#### EXERCISE BRIEF:
Gather every line below where "Puffer" appears.

[Crawled caption data]
# # # # # # #

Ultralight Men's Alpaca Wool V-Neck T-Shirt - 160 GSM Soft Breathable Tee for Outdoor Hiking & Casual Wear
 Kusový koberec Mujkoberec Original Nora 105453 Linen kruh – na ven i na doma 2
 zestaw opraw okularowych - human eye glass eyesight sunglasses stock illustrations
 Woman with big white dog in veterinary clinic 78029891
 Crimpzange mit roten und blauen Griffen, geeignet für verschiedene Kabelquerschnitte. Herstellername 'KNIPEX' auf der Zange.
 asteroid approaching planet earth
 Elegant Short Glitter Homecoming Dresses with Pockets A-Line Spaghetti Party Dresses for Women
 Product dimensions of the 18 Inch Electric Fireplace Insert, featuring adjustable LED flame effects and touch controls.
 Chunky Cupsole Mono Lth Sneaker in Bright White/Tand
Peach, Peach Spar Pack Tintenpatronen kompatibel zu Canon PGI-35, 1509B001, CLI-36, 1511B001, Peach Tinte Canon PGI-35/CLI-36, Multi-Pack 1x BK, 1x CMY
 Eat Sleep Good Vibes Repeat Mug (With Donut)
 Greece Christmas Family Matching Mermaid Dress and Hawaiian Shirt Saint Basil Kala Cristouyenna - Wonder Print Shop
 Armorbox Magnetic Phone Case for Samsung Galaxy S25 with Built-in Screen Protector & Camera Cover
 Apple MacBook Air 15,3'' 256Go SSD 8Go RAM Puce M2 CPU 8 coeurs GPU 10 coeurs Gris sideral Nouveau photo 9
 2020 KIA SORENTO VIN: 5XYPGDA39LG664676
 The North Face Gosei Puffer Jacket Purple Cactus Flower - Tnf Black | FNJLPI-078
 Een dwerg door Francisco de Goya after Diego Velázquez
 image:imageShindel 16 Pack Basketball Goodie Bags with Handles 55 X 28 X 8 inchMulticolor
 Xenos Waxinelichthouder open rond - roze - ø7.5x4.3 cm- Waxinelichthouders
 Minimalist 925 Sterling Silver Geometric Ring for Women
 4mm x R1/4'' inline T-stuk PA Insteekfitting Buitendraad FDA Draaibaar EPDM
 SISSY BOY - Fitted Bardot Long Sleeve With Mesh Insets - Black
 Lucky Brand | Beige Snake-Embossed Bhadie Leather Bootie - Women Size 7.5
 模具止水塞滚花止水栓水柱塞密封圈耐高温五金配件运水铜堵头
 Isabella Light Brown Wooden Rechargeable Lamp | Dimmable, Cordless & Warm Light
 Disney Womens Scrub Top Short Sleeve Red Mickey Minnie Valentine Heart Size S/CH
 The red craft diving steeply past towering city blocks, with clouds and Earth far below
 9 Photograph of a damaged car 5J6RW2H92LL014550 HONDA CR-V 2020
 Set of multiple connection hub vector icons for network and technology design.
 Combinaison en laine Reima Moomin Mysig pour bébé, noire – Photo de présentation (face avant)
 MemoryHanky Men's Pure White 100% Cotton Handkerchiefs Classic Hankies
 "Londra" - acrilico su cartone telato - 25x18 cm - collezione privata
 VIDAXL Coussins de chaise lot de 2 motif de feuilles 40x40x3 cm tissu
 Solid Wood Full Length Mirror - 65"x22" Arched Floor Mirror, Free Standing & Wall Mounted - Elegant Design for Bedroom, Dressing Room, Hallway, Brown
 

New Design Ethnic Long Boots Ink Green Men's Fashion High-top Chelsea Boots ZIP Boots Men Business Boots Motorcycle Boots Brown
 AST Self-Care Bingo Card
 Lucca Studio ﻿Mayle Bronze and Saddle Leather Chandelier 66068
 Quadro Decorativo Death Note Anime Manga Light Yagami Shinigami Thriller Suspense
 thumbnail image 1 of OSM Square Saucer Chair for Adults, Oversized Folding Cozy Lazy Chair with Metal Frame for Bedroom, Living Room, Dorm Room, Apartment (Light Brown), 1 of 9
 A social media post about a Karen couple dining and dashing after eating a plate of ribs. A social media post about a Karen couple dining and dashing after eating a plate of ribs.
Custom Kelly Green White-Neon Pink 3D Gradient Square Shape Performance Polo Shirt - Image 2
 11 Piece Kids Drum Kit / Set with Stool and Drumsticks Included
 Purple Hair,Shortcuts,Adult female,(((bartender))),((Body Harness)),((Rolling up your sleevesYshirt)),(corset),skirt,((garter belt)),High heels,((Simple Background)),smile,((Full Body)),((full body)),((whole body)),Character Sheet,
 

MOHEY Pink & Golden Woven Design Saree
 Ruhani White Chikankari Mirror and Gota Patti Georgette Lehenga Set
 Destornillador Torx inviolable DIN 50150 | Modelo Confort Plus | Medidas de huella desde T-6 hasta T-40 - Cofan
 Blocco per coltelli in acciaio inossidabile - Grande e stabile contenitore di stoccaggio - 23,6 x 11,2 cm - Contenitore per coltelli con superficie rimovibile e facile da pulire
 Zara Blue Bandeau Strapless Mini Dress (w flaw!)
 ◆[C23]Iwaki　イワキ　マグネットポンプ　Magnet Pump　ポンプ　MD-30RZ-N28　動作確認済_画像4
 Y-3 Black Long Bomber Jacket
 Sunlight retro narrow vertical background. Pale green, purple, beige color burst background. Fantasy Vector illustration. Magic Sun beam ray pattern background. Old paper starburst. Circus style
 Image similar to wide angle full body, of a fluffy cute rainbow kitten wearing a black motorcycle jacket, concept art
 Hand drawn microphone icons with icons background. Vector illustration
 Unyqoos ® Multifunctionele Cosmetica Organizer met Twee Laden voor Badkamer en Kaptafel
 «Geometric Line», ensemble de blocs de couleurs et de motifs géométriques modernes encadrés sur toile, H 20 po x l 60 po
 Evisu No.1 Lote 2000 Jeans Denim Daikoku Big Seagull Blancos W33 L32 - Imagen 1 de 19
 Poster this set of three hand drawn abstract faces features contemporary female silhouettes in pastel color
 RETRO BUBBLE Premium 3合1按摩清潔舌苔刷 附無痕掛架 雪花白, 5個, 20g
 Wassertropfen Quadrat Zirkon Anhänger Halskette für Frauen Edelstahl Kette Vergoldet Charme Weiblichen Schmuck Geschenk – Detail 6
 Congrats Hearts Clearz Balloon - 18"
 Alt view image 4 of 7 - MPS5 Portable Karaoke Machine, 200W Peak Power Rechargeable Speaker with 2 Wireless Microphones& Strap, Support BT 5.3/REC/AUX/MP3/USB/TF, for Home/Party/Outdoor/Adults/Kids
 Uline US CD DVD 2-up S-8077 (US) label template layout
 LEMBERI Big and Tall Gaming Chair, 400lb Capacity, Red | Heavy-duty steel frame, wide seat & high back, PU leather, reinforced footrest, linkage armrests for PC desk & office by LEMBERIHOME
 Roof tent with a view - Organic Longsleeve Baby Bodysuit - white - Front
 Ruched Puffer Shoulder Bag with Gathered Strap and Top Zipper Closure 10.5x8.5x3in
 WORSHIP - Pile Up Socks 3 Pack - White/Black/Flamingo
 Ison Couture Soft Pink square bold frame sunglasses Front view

# # # # # # #

#### ANSWER AREA:
 The North Face Gosei Puffer Jacket Purple Cactus Flower - Tnf Black | FNJLPI-078
 Ruched Puffer Shoulder Bag with Gathered Strap and Top Zipper Closure 10.5x8.5x3in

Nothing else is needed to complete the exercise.